I’ve been reading with great interest the number of posts on here about HD radio. Can someone explain to me why these radio stations would pour hundreds of thousands of dollars, even millions, into a system like HD, test it out, and then turn it off?

Yes I am aware of the interference problem between some of the clear channel 50 kw’s as one of the reasons. But didn’t anyone do research before going to all the bother of purchasing HD equipment?

It seems to me that it’s just a waste of money. Think how many extra employees could have been hired with the money invested into a system that apparently some of the big media owners don’t plan to use.
 
Re: This Dosen't Make Any Sense (sic) Kind of funny in its own right.
It seems to me that it’s just a waste of money.
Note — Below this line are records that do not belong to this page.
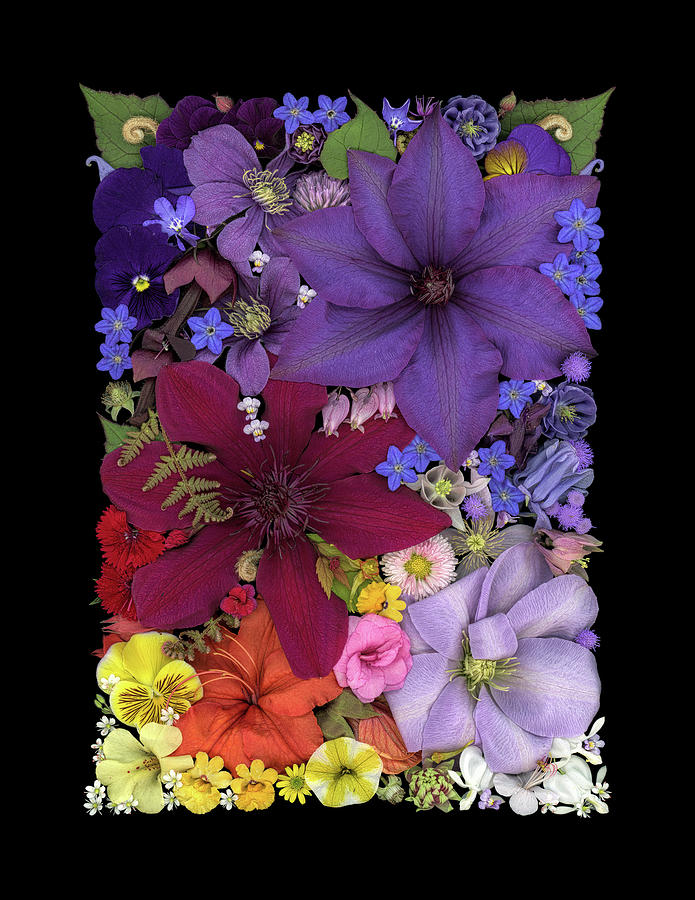 Flower Photograph - Floral collage 13  by Sandra R Schulze Photography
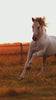 PARKA SUEDE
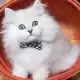 2. Снимка на Чистокръвни женски и мъжки котенца Сребърна чинчила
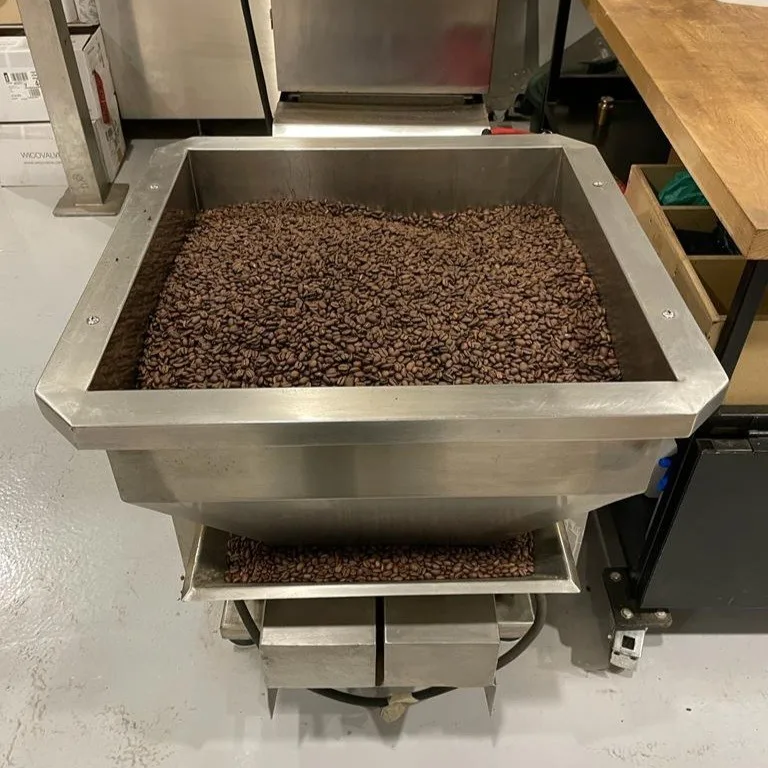 Freshly roasted coffee beans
Think how many extra employees could have been hired with the money invested into a system that apparently some of the big media owners don’t plan to use.

Equipment as a capital expenditure can be depreciated over a period of five years. And if you're running a NPR non-com, you can get a grant to go HD. It's a no-brainer. Employees? Pffft. Just another meaningless expense. The answer is obvious.

[/sarcasm]

OK, here's another: Broadcasters are sheep. Managers and CEO's do stupid stuff. Witness Jack in NYC.
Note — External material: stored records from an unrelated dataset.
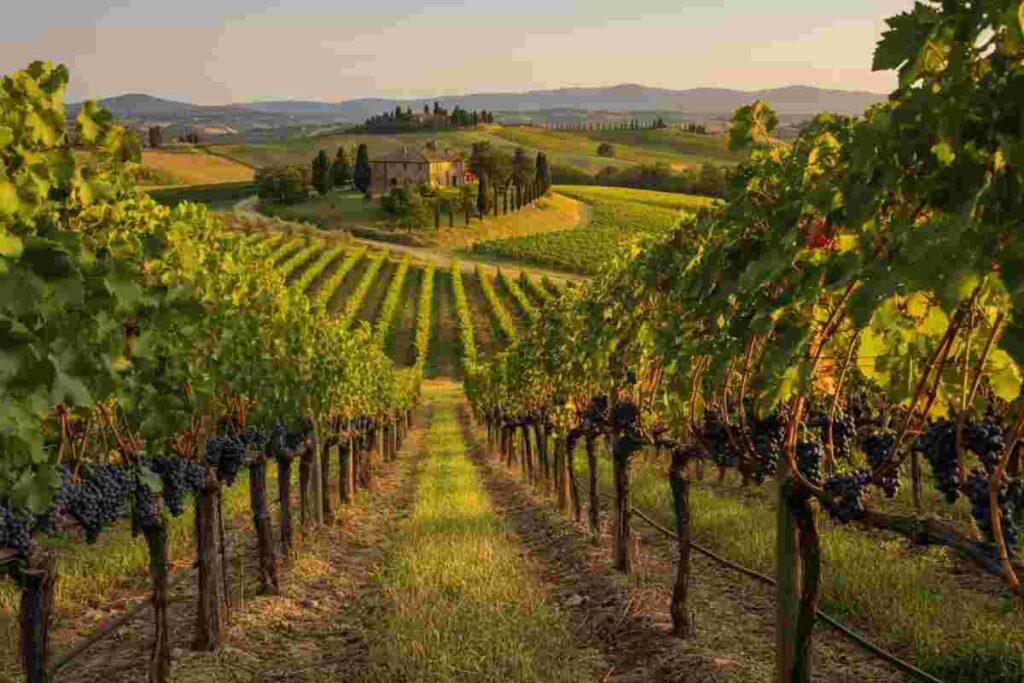 L’Altra Toscana: alla scoperta dei tesori enologici nascosti
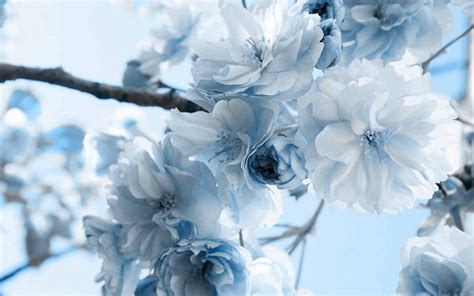 Blue Flowers Blossoms Blossom Close Up Flowers Nature Blue Hd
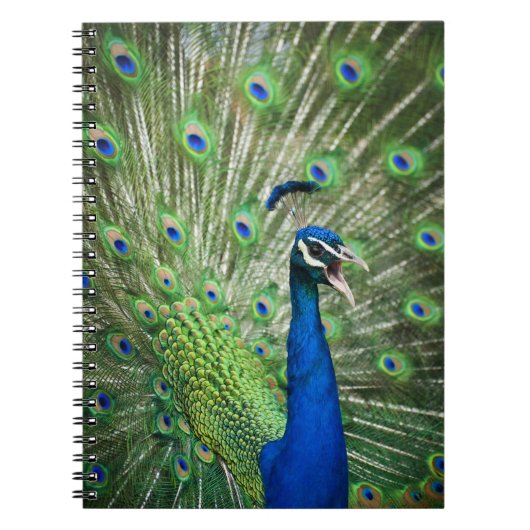 わめく孔雀 ノートブック (正面)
OK, here's another. Radio is deperate and will do anything that even remotely appears to have the potential of getting and retaining listeners.

OK, here's another one. It's your turn. Go nuts.

-9-
 
HD is actually a fairly small investment, as investments go. If you have a stereo-equipped studio complex (as almost all AM and FM stations do these days), a stereo program feed out to your transmitter, a stable directional antenna system (if you have a DA at all), and your main transmitter is solid state up to the final amp (meaning built within the last 25-30 years), you can convert to HD capability simply by swapping out the exciter in your transmitter. We're probably talking, what, 20 or 30 thou? A small price for a large market, big signal station to pay.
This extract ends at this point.